Маргарет печально умолкла.
– Кстати, о жалованьи, — сказал мистер Хейл. — Вы не обижайтесь, но я думаю, вы допустили несколько серьезных ошибок. Я бы хотел прочитать вам несколько высказываний из книги, которая у меня есть, — он поднялся и подошел к книжным полкам.
– Не беспокойтесь, сэр, — сказал Николас. — Вся эта книжная чепуха влетает в одно ухо, а вылетает в другое. На меня это не произведет впечатления. Прежде чем между мной и Хэмпером произошел раскол, надсмотрщик рассказал ему, что я подговаривал рабочих просить большее жалованье. И Хэмпер встретил меня однажды во дворе. У него была тонкая книжка в руке, и он сказал: «Хиггинс, мне сказали, что ты один из тех проклятых дураков, что думают, что могут получать больше, если попросят. Да, вот ты и содержи их, когда повысишь им жалованье. Так, я даю тебе шанс и испытаю, есть ли у тебя разум. Вот книга, написанная моим другом, и если ты прочтешь ее, ты поймешь, от чего зависят размеры жалованья, и что ни хозяева, ни рабочие никак не могут на это повлиять, пусть даже они целыми днями надрывают свои глотки в забастовке как отъявленные дураки». Ну, сэр, я рассказал это вам — священнику, когда-то проповедовавшему и пытавшемуся убедить людей в том, что вам казалось правильным. Разве вы бы начали свою проповедь с того, что назвали их дураками или чем-то подобным, разве сначала бы вы не сказали им каких-то добрых слов, чтобы заставить их слушать и верить. И в вашей проповеди вы бы не останавливались каждый раз и не говорили бы им: «Вы — просто куча дураков, и я всерьез подозреваю, что мне бесполезно пытаться вложить в вас разум?» Я был сильно рассержен; я признаю, что взялся читать то, что написал друг Хэмпера… я был сильно возмущен этой манерой обращения ко мне, но я подумал: «Спокойно.
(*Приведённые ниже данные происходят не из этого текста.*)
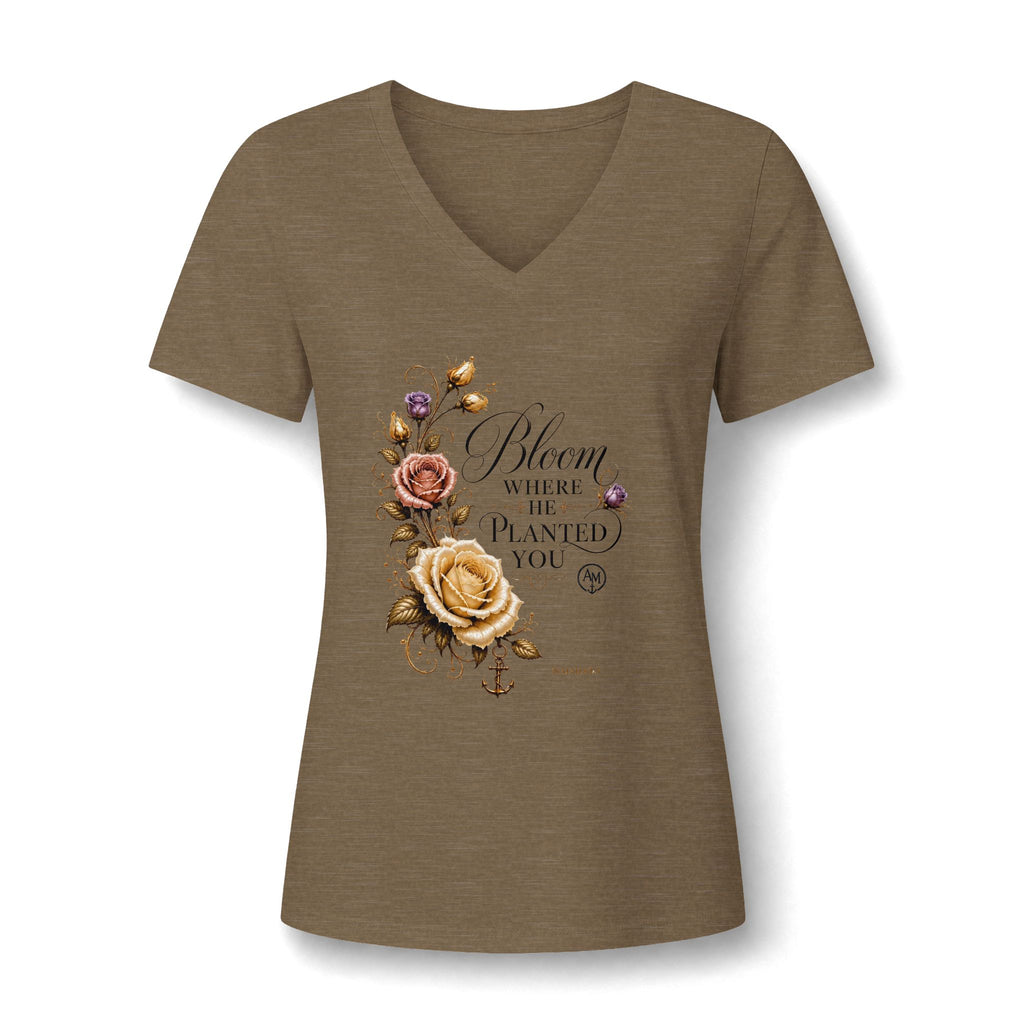 Bloom Where You’re Planted V-Neck Tee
Я пойму, что говорят эти парни, и проверю: они — простаки или я». Поэтому я взял книгу и с трудом прочел ее. Но, Господи помилуй, в ней говорилось о капитале и труде, труде и капитале, до тех пор, пока она не усыпила меня. Я не смог правильно уяснить себе, что есть что. О них говорилось, как будто они были добродетелью и злом. А все, что я хотел знать, есть ли права у людей, богатые они или бедные… были бы они только людьми.